Nothing beats in the company of many good friends.. thanks for making my birthday such a memorable one :) Though my oil king has not arrive yet.. But God surrounds me with many good friends to be with me on this day. Cant thank you people enough.... May we all grow old together :)
Hey John: whr is my man hunt? Got pray for me boh?
Kan tan : if you want your cafe fast.. pray more than 3 times can? hahaah.. hurry up.. time is ticking liao... tick tock.. tick tock...
Tuesday, July 04, 2006
Finally broke into writing my blog again. Yes its in the middle of the night while the whole world is half asleep. When back home.. feeling stunned, amazed, over wheelemed by His grace once again. Yes He did it again for me :) He is like a superman that come to my rescue just in time of need. He is like the hero that rescue me from the hands of the villians and take me back into His arms. He is ever so faithful when im so faithless, He is the hope of the dawn and the light of the tunnel. Yes He is my God, my help, my comforter in times of need...

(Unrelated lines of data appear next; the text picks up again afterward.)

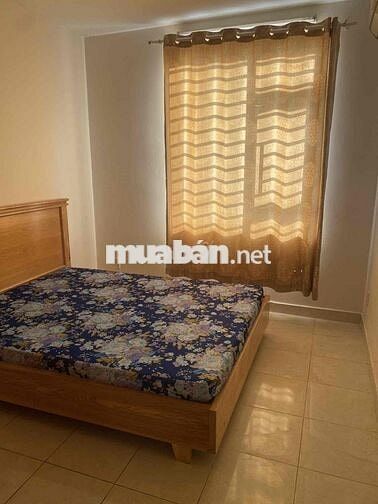 Căn hộ view sông, đối diện trường RMIT, full nội thất, 2 phòng ngủ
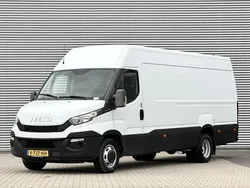 Wit Gebruikt 2015 Iveco Daily Van | € 11.999 (Goede deal)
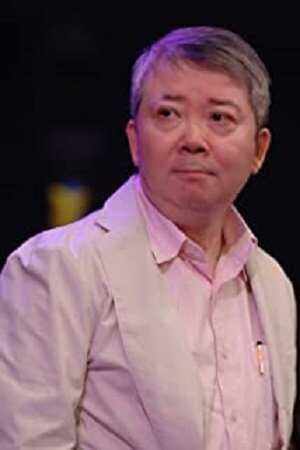 Wong Man-Ho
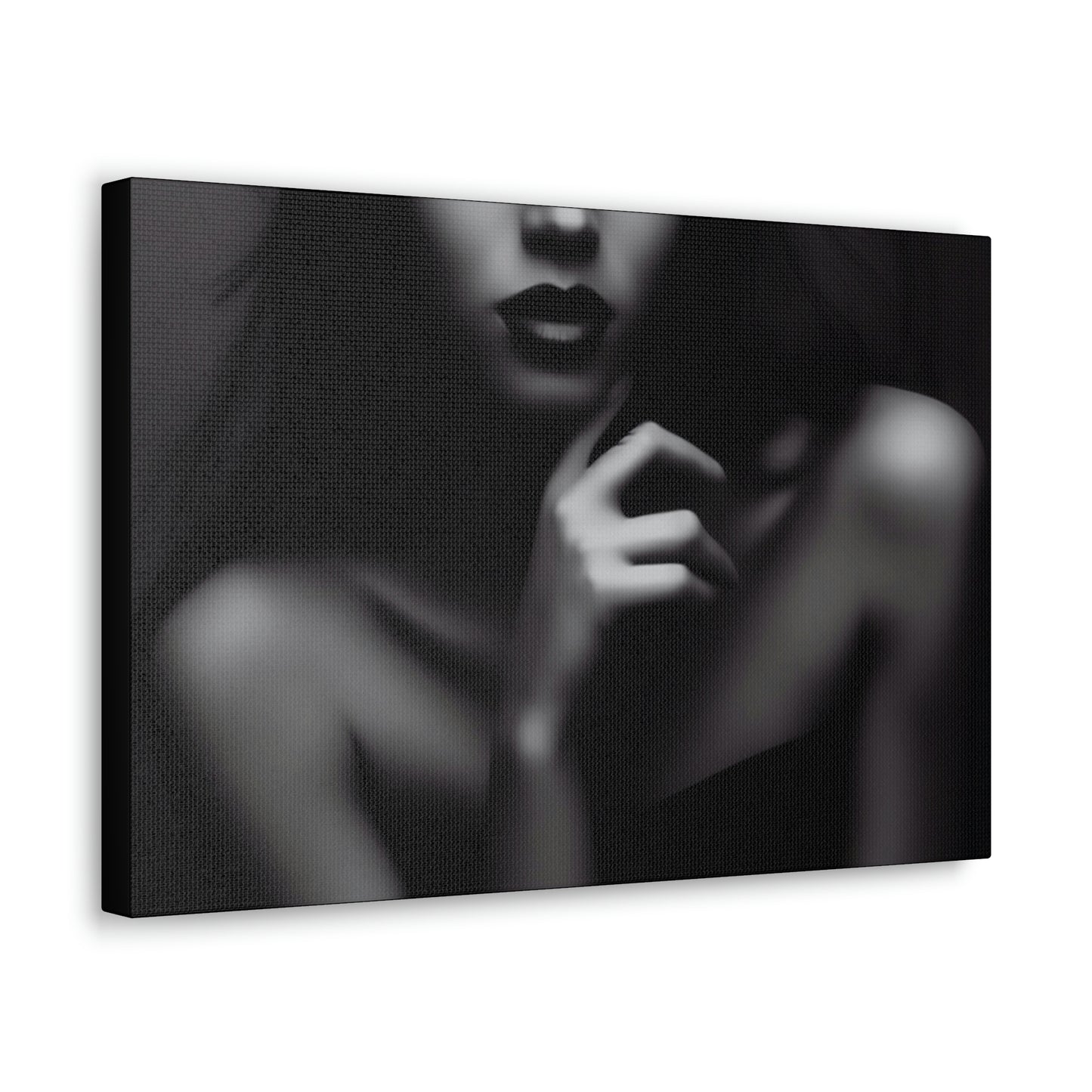 Shush Classic Canvas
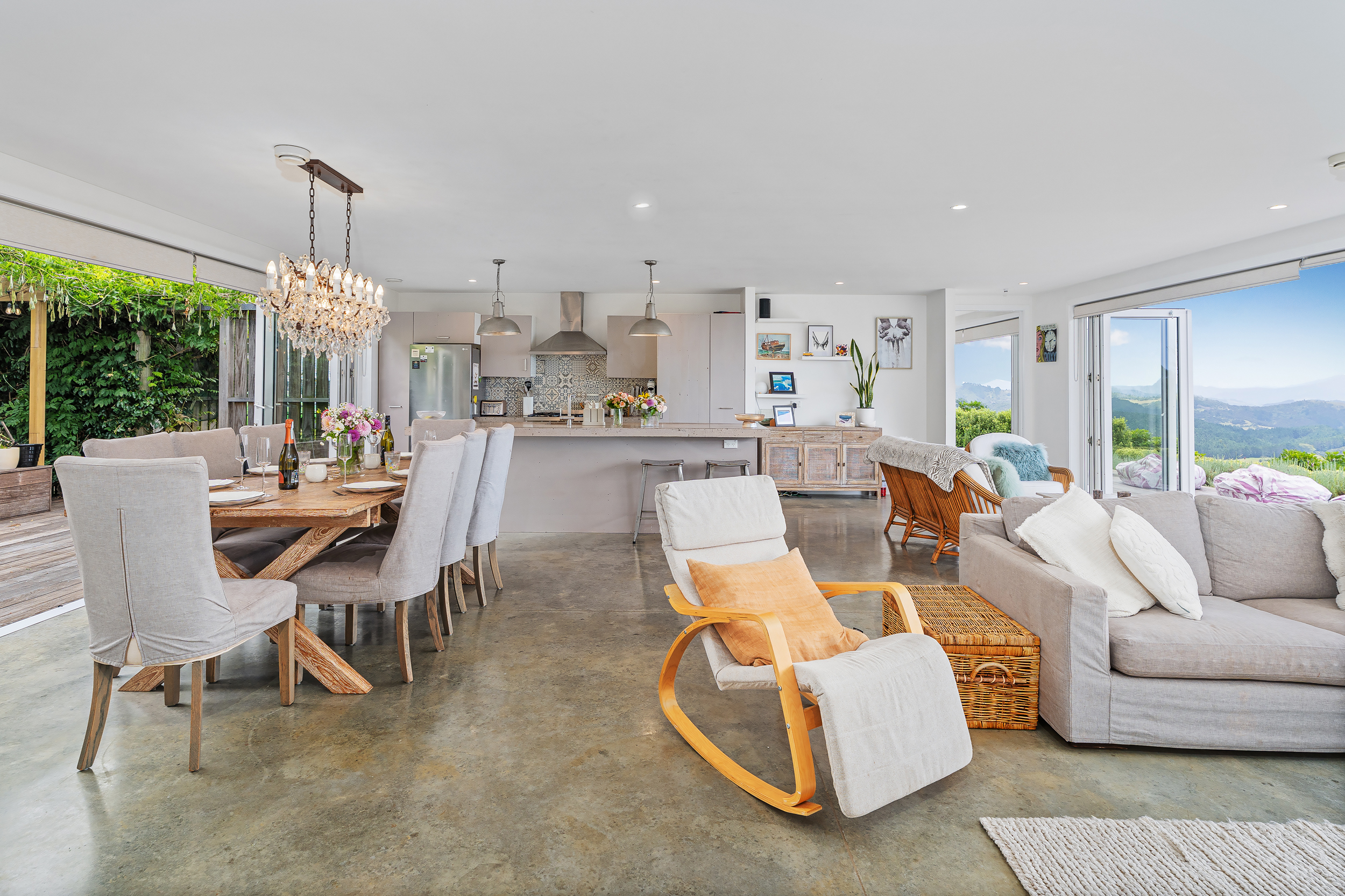 Heavenly Haven Kuaotunu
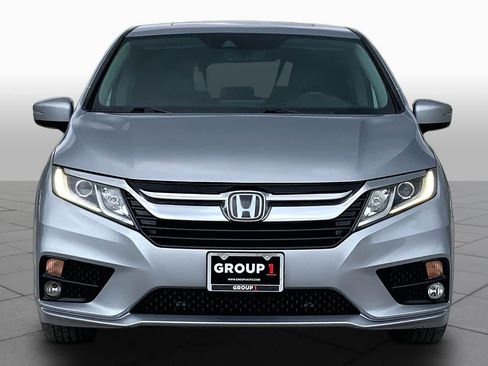 Used 2019 Honda Odyssey EX-L image 4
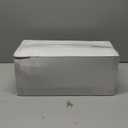 JOYIN 72 Pcs Christmas Disposable Cups with Sleeves and Lids, 4 Designs Xmas Drinkware 16 oz Paper Cup For Hot Chocolate Coffee Cold Beverage Tableware Holiday Winter Party Supplies Decoration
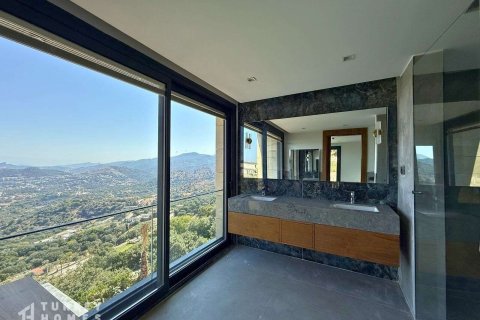 4+1 Villa  in Yalikavak, Mugla, Türkei Nr. 232995 - 22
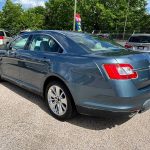 2010 Ford Taurus Limited PRICED TO SELL! - $9,299 (2604 Teletec Plaza Rd. Wake Forest, NC 27587)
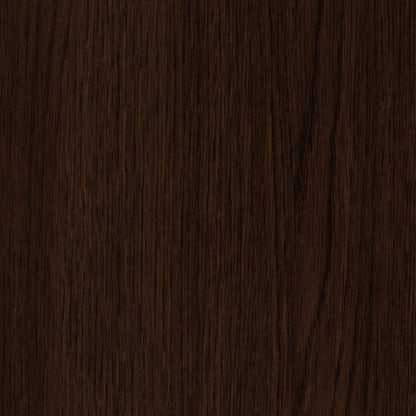 Bordsskiva Majken – melamin 25 mm, wenge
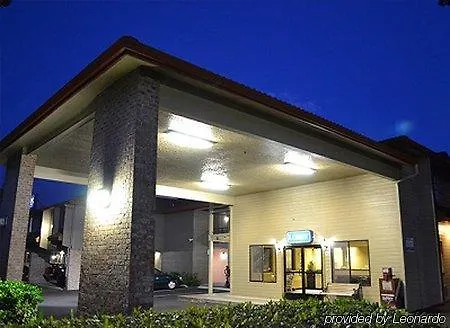 Briarwood Suites Portland Motell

Looking back, one and half months ago I was in my pit. Pit of despair, pit that i thought i will take a long time to come out of it. I have an obstacle to go through, im looking for a job and i need to find one fast to meet ends needs. I have try all ways and not to be passive about it... but "luck" seems not to be on myside. Those jobs that i wanted always never seems to pass by my way... I was very discourage.. funds are depleting and im into my panick mode. I went into depression, but however i almost wanted to give up but i didnt..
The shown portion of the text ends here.